* [Recorded data]
╭──

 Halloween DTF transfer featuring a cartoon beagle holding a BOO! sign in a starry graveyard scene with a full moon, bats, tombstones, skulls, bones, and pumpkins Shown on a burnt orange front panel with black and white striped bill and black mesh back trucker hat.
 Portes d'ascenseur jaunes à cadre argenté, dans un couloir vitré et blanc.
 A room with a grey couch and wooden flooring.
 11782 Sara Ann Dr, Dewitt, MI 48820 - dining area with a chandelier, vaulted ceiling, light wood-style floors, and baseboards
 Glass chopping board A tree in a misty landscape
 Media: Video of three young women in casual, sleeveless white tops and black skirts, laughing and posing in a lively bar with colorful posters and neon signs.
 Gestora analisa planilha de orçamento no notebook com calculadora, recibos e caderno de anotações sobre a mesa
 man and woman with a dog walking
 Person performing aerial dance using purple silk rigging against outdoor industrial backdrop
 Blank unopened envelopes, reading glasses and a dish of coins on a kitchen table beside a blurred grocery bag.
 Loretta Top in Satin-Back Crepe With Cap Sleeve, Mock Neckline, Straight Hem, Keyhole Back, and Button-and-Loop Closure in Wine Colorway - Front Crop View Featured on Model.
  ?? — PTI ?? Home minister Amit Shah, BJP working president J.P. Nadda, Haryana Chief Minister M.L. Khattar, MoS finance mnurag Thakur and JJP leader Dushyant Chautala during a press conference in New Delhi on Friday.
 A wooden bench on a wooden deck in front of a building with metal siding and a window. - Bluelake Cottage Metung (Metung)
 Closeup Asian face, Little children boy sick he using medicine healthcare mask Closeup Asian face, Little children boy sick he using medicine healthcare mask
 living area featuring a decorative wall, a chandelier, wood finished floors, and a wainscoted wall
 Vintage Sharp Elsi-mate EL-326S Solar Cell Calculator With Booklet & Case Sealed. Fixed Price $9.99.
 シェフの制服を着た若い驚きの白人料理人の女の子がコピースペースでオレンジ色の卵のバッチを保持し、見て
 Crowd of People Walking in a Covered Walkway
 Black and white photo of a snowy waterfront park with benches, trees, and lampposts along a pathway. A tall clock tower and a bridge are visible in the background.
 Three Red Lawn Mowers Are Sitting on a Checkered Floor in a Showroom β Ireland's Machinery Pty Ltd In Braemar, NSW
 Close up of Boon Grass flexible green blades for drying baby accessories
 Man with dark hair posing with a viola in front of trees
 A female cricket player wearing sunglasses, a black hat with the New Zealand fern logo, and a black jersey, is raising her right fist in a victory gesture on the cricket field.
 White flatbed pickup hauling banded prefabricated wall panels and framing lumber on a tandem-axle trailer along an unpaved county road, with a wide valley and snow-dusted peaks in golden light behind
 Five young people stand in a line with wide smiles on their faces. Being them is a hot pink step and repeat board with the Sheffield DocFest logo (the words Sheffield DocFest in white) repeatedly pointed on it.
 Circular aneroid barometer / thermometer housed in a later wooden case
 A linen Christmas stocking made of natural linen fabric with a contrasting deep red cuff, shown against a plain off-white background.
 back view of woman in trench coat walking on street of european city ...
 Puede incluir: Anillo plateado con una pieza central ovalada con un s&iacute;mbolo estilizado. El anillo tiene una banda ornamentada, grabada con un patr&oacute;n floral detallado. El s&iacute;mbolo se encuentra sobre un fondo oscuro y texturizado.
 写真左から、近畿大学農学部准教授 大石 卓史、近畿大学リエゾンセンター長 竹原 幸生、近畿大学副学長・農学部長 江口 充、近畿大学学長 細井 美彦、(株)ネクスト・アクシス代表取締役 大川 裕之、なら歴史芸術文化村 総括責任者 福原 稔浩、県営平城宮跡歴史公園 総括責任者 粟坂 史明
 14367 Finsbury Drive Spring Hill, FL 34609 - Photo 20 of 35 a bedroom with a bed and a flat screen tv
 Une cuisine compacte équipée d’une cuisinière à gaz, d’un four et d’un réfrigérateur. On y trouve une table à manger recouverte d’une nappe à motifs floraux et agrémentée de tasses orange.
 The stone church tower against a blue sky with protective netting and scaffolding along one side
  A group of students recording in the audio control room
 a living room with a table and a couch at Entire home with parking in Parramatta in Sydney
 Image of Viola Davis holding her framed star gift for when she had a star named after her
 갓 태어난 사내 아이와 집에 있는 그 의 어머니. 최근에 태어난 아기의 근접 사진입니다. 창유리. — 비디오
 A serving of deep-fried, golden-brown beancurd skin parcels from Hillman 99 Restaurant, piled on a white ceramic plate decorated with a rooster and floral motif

╰──

List every line above containing the word "deep".

* [Solved exercise]
 A linen Christmas stocking made of natural linen fabric with a contrasting deep red cuff, shown against a plain off-white background.
 A serving of deep-fried, golden-brown beancurd skin parcels from Hillman 99 Restaurant, piled on a white ceramic plate decorated with a rooster and floral motif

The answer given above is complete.